Only the lines below, from the one with "Streamdale Furniture Streamdale" through the one with "画像をギャラリービューアに読み込む, NIKE AIR", are to be written out, exactly.

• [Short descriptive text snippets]
※ ※ ※

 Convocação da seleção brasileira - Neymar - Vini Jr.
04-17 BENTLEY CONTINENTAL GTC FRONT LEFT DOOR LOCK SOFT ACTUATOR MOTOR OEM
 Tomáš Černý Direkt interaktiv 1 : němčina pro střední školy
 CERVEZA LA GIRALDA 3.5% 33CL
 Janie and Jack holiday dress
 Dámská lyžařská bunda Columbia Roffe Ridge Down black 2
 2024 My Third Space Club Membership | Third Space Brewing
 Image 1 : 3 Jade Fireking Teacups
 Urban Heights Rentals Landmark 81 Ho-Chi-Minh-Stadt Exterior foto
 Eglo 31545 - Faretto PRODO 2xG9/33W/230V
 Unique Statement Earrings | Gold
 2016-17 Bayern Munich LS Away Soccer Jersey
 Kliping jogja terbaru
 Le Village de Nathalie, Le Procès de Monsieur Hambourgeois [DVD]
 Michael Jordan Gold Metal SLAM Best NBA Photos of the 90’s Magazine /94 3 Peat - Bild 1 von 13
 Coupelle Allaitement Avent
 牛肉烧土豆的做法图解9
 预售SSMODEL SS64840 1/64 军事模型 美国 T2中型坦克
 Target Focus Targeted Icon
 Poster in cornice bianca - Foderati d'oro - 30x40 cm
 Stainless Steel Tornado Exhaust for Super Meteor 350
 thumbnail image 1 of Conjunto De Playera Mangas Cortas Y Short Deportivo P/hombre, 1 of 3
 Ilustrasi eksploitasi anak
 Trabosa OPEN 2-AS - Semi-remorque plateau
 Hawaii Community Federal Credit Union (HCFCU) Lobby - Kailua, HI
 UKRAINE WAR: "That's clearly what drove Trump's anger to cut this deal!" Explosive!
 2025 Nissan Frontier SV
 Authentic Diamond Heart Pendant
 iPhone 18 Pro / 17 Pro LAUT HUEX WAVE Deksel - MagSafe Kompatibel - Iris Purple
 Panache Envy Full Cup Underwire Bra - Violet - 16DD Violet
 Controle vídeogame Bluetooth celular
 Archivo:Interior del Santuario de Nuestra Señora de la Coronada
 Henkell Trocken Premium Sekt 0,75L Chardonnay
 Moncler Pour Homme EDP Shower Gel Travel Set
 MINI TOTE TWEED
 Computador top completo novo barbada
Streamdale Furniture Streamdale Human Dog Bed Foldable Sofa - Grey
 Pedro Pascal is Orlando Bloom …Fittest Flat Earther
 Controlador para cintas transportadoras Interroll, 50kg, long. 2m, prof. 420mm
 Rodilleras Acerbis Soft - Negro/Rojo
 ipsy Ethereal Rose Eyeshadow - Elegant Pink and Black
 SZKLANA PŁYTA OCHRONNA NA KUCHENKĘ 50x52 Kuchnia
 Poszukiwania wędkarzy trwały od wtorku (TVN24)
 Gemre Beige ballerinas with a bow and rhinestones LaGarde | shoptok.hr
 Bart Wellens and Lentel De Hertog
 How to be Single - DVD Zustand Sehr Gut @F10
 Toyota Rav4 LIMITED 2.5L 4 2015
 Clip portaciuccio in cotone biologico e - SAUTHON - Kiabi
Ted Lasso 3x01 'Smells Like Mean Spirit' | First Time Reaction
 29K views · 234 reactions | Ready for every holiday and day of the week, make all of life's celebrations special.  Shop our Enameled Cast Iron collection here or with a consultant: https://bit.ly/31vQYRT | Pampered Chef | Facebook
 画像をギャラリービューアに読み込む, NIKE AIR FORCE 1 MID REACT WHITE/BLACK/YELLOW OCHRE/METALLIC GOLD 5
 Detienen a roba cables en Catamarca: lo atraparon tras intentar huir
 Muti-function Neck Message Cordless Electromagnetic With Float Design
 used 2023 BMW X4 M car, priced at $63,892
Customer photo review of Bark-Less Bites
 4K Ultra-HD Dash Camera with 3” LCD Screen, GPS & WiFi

※ ※ ※

• [FINAL ANSWER]
Streamdale Furniture Streamdale Human Dog Bed Foldable Sofa - Grey
 Pedro Pascal is Orlando Bloom …Fittest Flat Earther
 Controlador para cintas transportadoras Interroll, 50kg, long. 2m, prof. 420mm
 Rodilleras Acerbis Soft - Negro/Rojo
 ipsy Ethereal Rose Eyeshadow - Elegant Pink and Black
 SZKLANA PŁYTA OCHRONNA NA KUCHENKĘ 50x52 Kuchnia
 Poszukiwania wędkarzy trwały od wtorku (TVN24)
 Gemre Beige ballerinas with a bow and rhinestones LaGarde | shoptok.hr
 Bart Wellens and Lentel De Hertog
 How to be Single - DVD Zustand Sehr Gut @F10
 Toyota Rav4 LIMITED 2.5L 4 2015
 Clip portaciuccio in cotone biologico e - SAUTHON - Kiabi
Ted Lasso 3x01 'Smells Like Mean Spirit' | First Time Reaction
 29K views · 234 reactions | Ready for every holiday and day of the week, make all of life's celebrations special.  Shop our Enameled Cast Iron collection here or with a consultant: https://bit.ly/31vQYRT | Pampered Chef | Facebook
 画像をギャラリービューアに読み込む, NIKE AIR FORCE 1 MID REACT WHITE/BLACK/YELLOW OCHRE/METALLIC GOLD 5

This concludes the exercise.